Mayrlab / scUTRquant

Bioinformatics pipeline for single-cell 3' UTR isoform quantification
https://Mayrlab.github.io/scUTRquant
GNU General Public License v3.0
14 stars 3 forks source link

Custom 3'utr #72

Open aleighbrown opened 3 months ago

aleighbrown commented 3 months ago

Hello,

I have a set of custom novel 3'UTRs that I would like to quantify in single-cell data.

Ideally I would just want to quantify the 100 or so 3'UTRs that I'm interested in for speed's sake

What would I need to build a minimum working kallisto index of UTRome, GTF, and TSV merge annotation for my custom set of 3'UTRs?

thank you in advance!

mfansler commented 3 months ago

Thanks for the interest!

Yes, you could build a custom target that only quantifies reads in the regions of interest. To plug into this pipeline, you would indeed provide a kallisto index ("kdx"), GTF, and TSV merge annotation. You would edit the extdata/targets/targets.yaml to add this information, something like:

custom_utrs:
  path: "extdata/targets/custom_utrs/"
  genome: "hg38"
  gtf: "custom_utrs.gtf"
  kdx: "custom_utrs.kdx"
  merge_tsv: "custom_utrs.merge.tsv"
  tx_annots: null
  gene_annots: null
  download_script: null

and the path would be relative to the root of the repository (absolute is also fine).

Caveats

I'll just note some caveats about taking this approach as opposed to adding the custom 3'UTRs to the full annotation.
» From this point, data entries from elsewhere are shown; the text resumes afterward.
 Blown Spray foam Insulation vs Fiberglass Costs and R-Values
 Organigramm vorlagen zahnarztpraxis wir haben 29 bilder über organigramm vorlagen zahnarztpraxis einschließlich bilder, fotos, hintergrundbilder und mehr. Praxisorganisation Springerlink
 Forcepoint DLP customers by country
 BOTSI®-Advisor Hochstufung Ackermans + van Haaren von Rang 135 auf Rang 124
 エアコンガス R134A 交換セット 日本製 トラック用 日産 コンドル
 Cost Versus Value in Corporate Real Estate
Identifying Cells: Valid cell barcodes would need to come from previous data processing. Otherwise, the targeted regions alone may not be sufficient to discriminate high-quality cells from low-quality cells or background.
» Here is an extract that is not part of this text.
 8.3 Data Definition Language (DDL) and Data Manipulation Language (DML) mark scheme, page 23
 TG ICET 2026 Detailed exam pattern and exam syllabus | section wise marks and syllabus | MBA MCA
Comparing Across Cells or Samples: Normalization (size) factors would need to come from previous data processing. With only targeted regions, it would be unclear whether higher counts were due to higher expression, higher capture rate, deeper sequencing, or some mixture.
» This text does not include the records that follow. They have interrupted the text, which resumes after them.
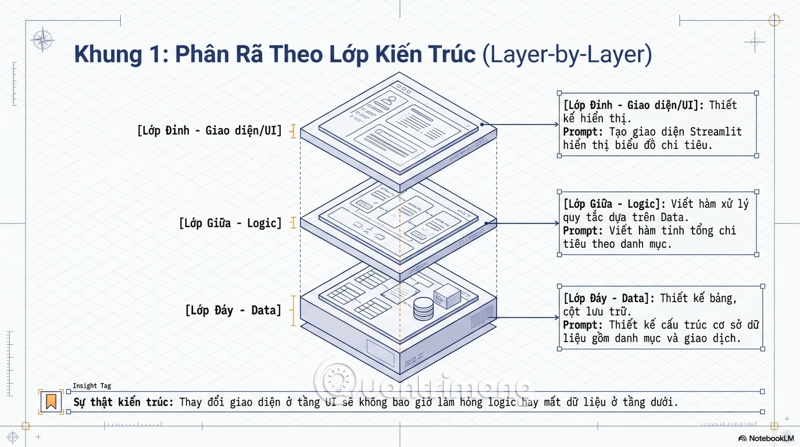 hướng dẫn code bằng AI hiệu quả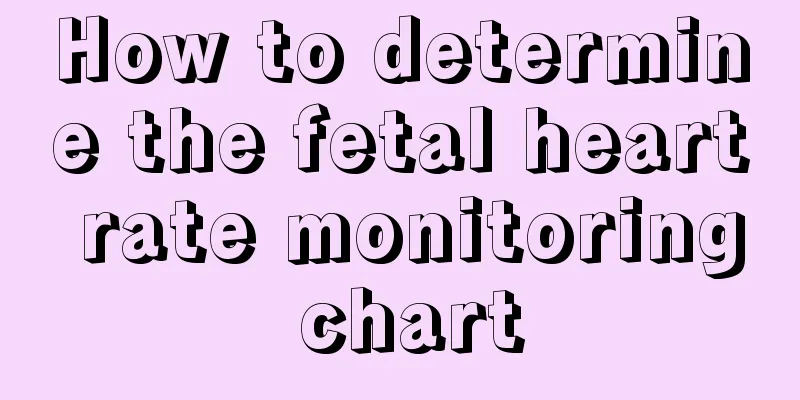 How to determine the fetal heart rate monitoring chart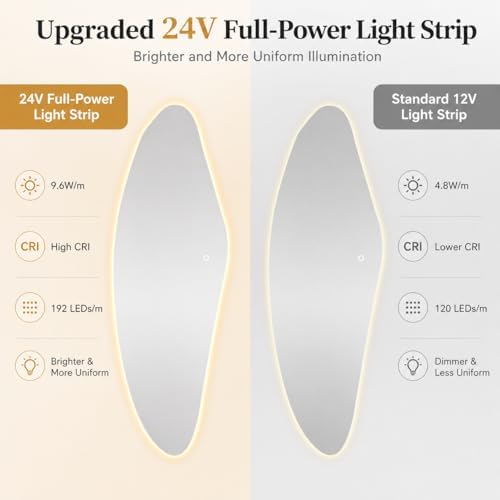 LAIYA 65" L x 24" W Irregular LED Full Length Mirror, Frameless Lighted Full - Image 4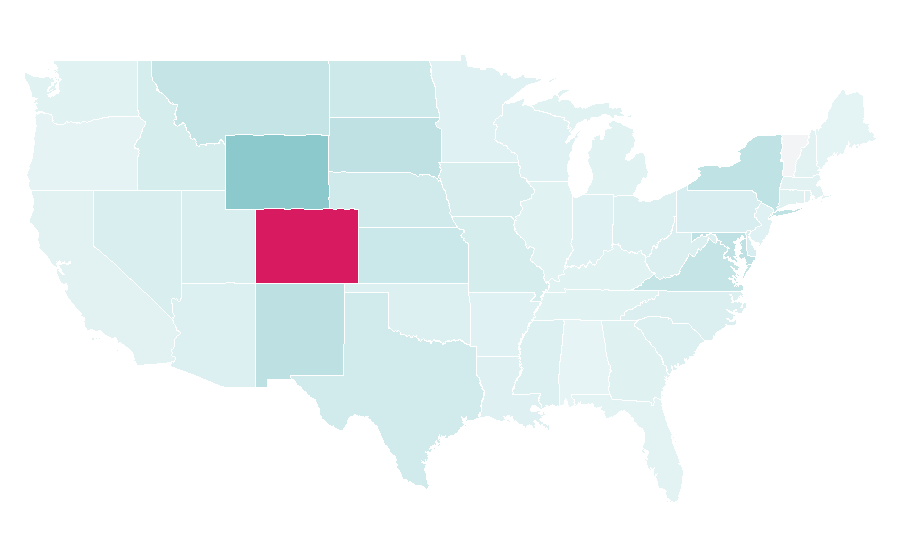 Affinity by region — Von Miller, United States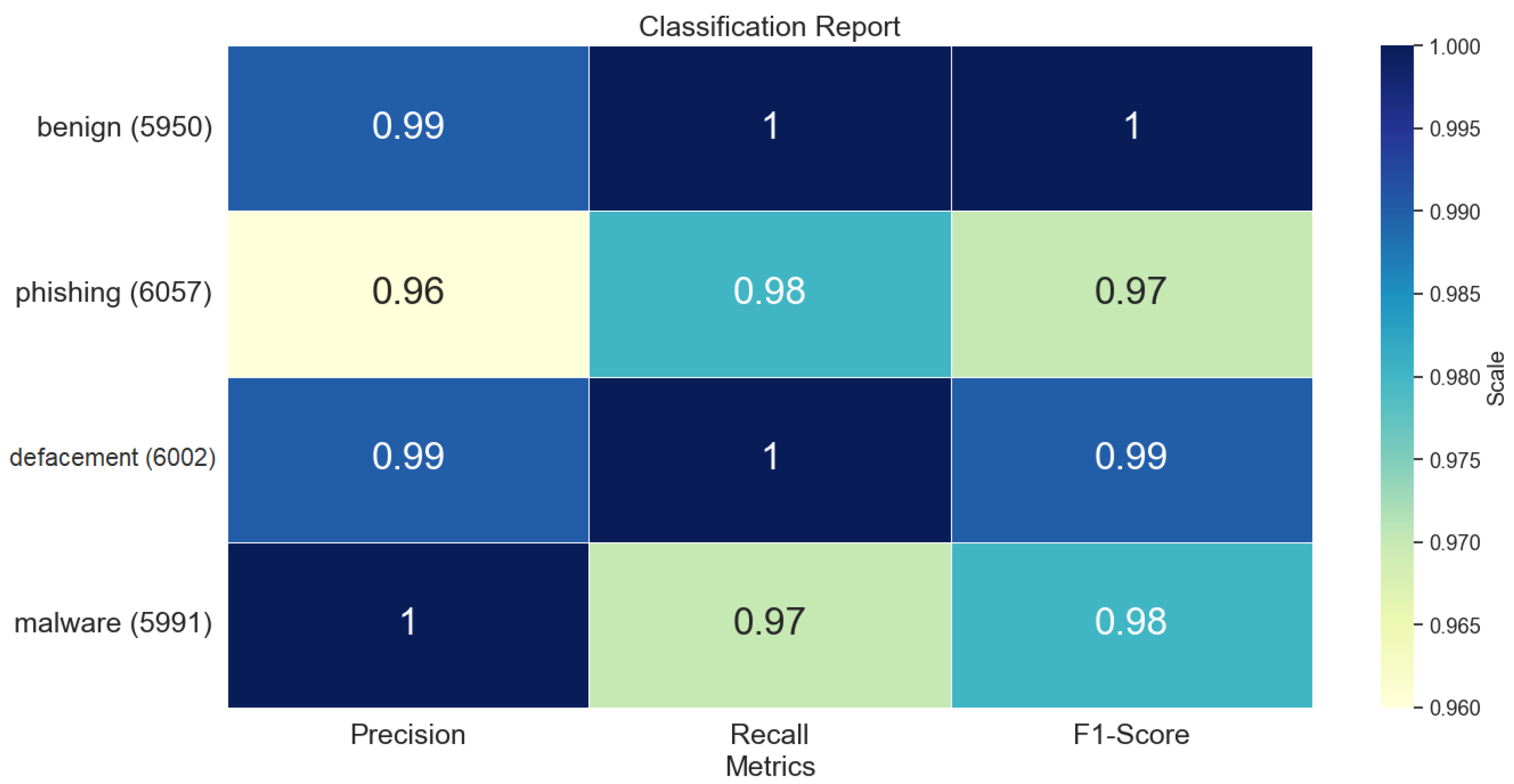 Electronics 13 03910 g004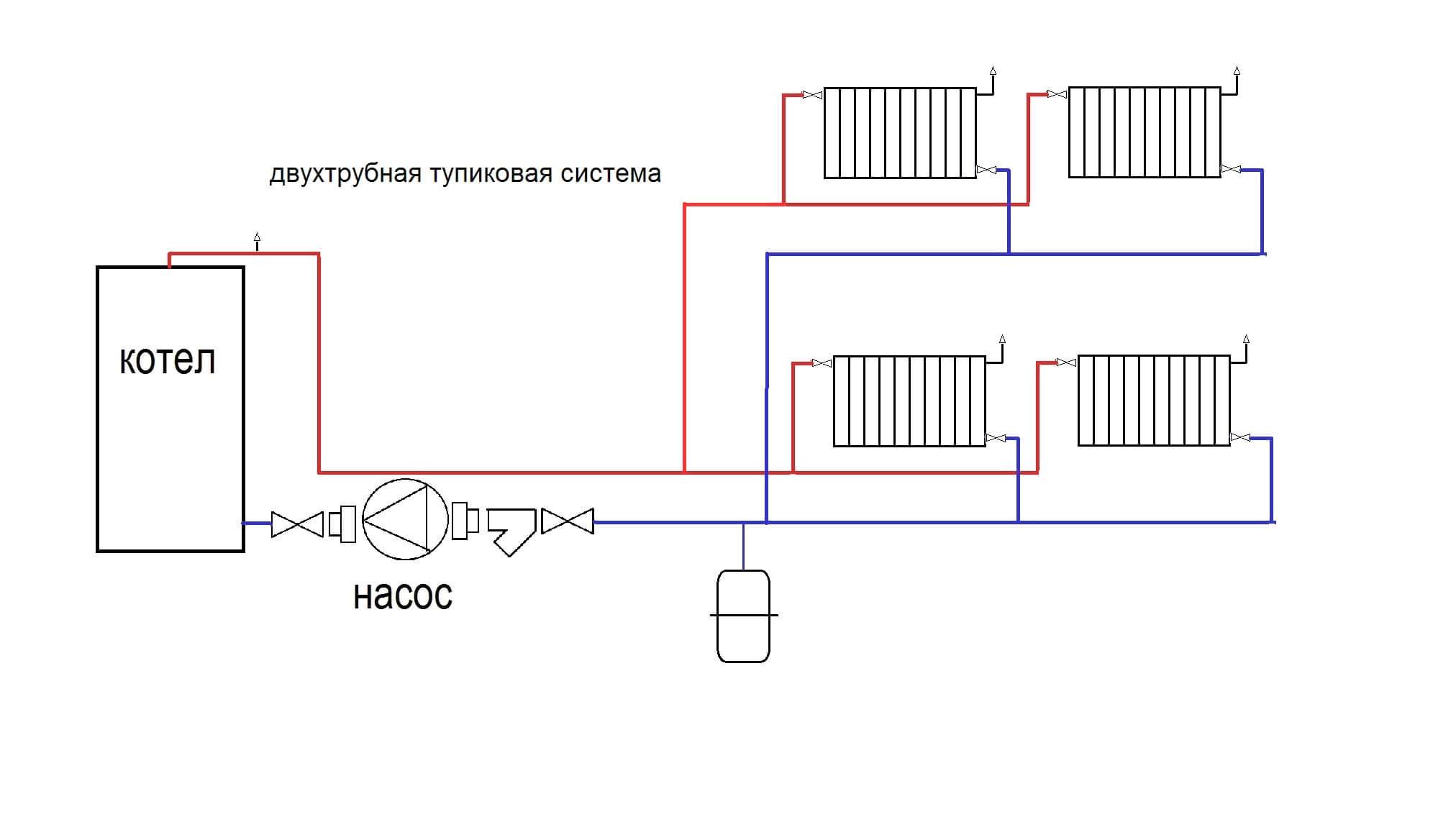 Двухтрубная система отопления в частном доме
Multimapping Reads: Reads that would multimap in a full annotation might uniquely map in a targeted subset, leading to overestimation of counts. One should prove this isn't a factor before trusting the targeted results. You'd probably want to prepare a full index (full UTRome + custom novel 3'UTRs) and then inspect if any of the kmers from the targeted regions are shared with those in non-targeted regions. If they do, you may need to include the other transcripts that have shared k-mers to make the assignment fair. That is, one doesn't want changes in gene expression from some other gene to show up as isoform-specific expression in a targeted isoform due to excluding the alternative loci whence the reads may have originated.

On the last point, you may also just do some empirical spot checks. For example, run some samples with the full UTRome + novel 3'UTRs and separately with just the targeted index, then compare the results. That should surface multimapping issues if the counts do not come out identically.

Hope that's helpful! Let me know if I can answer any more questions.